When a motor drive signal is input to the control circuit 1 by operating a switch (not shown) or the like,
The control circuit 2 turns on the control transistor Q1 so that the motor 1 is energized and the motor 1 starts driving.

On the other hand, the detection resistor R is connected to a comparator 3, which has a reference voltage Vref.
And the voltage drop in the detection resistor R are compared, and when the voltage drop is smaller than the reference voltage Vref, it is turned off, and the energization stopping transistor Q2 connected to the comparator 3 is turned off. In addition,
When the energization stopping transistor Q2 is off, the control transistor Q1 remains on and the motor 1 continues to be energized.

However, when the motor current I exceeds the reference value for some reason and the voltage drop becomes larger than the reference voltage Vref, the comparator 3 reverses and becomes O.
Then, the power supply stop transistor Q2 is turned on.

In this case, the control transistor Q1 is turned off even though the control circuit 2 is operating.
Then, the power supply to the motor 1 is stopped. In addition, 4 is connected in parallel with the motor 1 and the O of the control transistor Q1 is
A flywheel diode for biasing the motor current I during FF.

[0008]

By the way, in such a conventional motor energization control circuit, when the motor is started,
As shown in FIG. 5, a starting current Ip having a magnitude close to the constraint flows through the control transistor. It should be noted that the starting current Ip decreases as the number of revolutions of the motor increases after starting the motor, and eventually reaches the rated current Ic, as shown in FIG.

Since the starting current Ip flows more than 10 times the rated current Ic depending on the type of motor,
In order to withstand this, the control transistor has a large capacity, and accordingly, there has been a problem that the energization control circuit becomes large and the price becomes expensive.

Therefore, conventionally, for example, a current (hereinafter referred to as a reference current) Ia for inverting a comparator is used as a starting current I.
There is a device in which the capacitance of the control transistor is set to be smaller than p so as to reduce the capacitance thereof.
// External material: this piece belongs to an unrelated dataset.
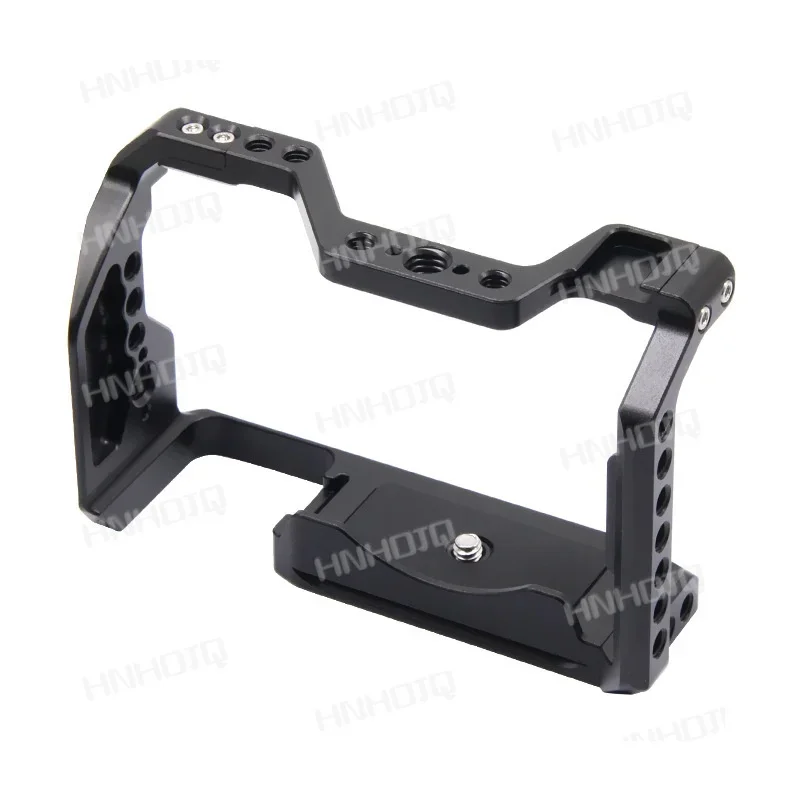 

Suitable for Sony A6700 Camera Rabbit Cage SLR Photography Expansion Stabilizer Camera Accessories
By the way, in the case of such an energization control circuit, as shown in FIG. 6, after a fixed delay time (hereinafter referred to as OFF operation delay time) T1 has elapsed since the comparator was inverted and turned on, the control circuit is controlled. Since the transistor is turned off, the motor current I remains even after the comparator is turned on.
Is further increased by the OFF operation delay time T1.
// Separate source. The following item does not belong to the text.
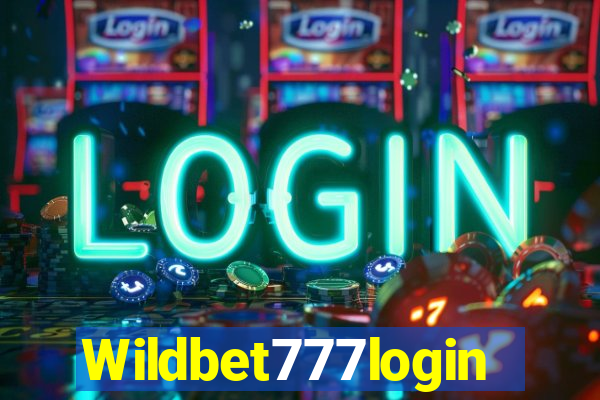 Wildbet777login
When the control transistor is turned off, the voltage drop of the detection resistor R becomes 0 and the comparator is inverted again to be turned off. As a result, the comparator is turned off again and a certain delay time (hereinafter, turned on). After a lapse of T2 (referred to as operation delay time), the control transistor is turned on and the motor current I starts to flow again.

The motor current I is bypassed by the flywheel diode 4 while the control transistor is off, and the control transistor is turned on again.
When it starts to flow, it decreases as shown by the broken line in the figure.
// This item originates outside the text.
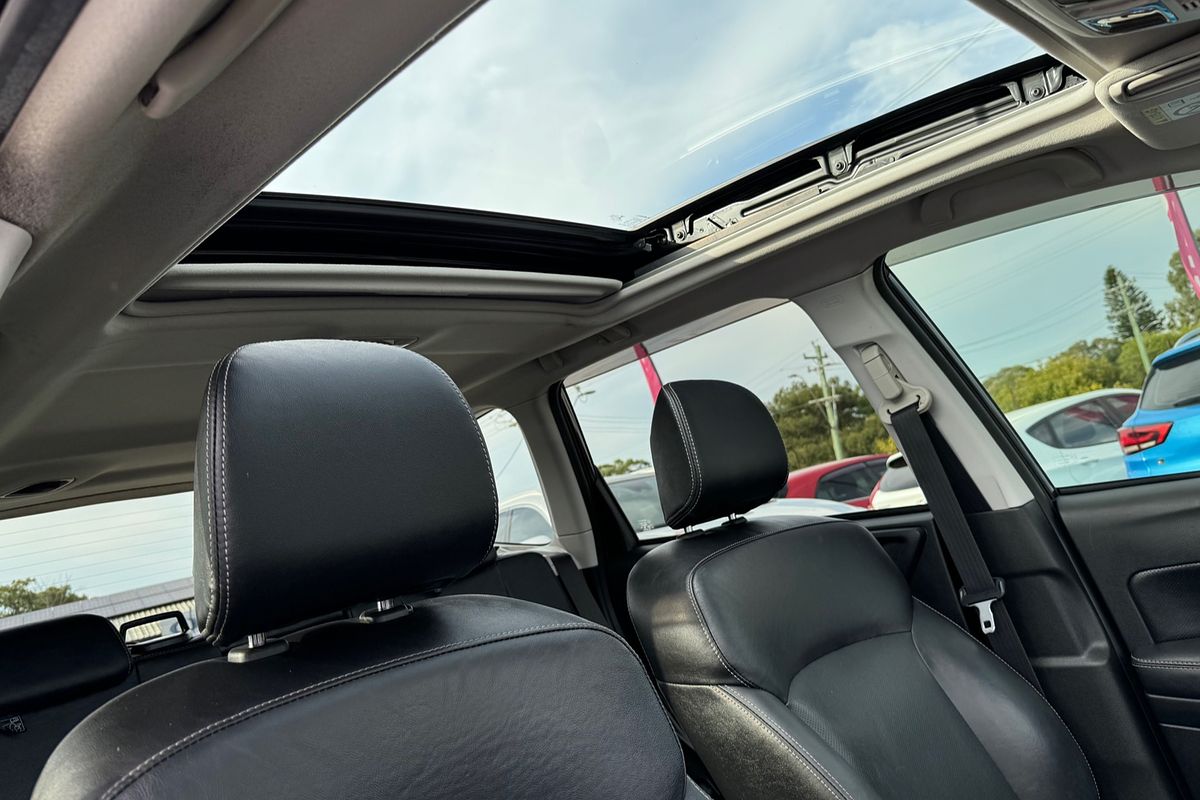 2014 Subaru Forester 2.5i-S S4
Here, comparing the motor current I decreasing during the ON delay time T2 and the motor current I increasing during the OFF operation delay time T1, the increasing motor current I is larger. The motor current I increases even though the energization control circuit is operating. For this reason, the energization control circuit having such a configuration can be used only when the starting current I
There is a problem that only the motor having a small difference between p and the rated current Ic cannot be used for other motors.

An object of the present invention is to provide a small-sized and inexpensive motor energization control circuit.

[0016]

According to the present invention, there is provided a motor current detecting means for detecting a motor current supplied to a motor, and the motor current detecting means detects the motor current exceeding a reference value. To a value less than or equal to the reference value, and the energization control means for stopping the energization of the motor for a predetermined time and restarting the energization after the elapse of the predetermined time.

The present invention also provides, as the energization control means,
It uses a one-shot vibrator.

Further, according to the present invention, there is provided a motor current detecting means for detecting a motor current supplied to the motor, and when the motor current detecting means detects a motor current exceeding a reference value, the motor current is set to a reference value or less. The motor starting means for stopping the energization of the motor for a predetermined time sufficient to operate the motor and repeating the operation of resuming the energization after a predetermined time to start the motor, and measuring the time from the start, and elapses a predetermined time And a motor protection unit for stopping the energization of the motor when the motor current detection unit later detects a motor current exceeding a reference value.

[0019]

With this configuration, when the motor current detecting means detects the motor current exceeding the reference value, the one-shot vibrator as the energization control means supplies the motor current for a predetermined time sufficient to keep the motor current below the reference value. The energization can be stopped to reduce the motor current below the reference value. In addition, after a lapse of a predetermined time, the energization can be restarted.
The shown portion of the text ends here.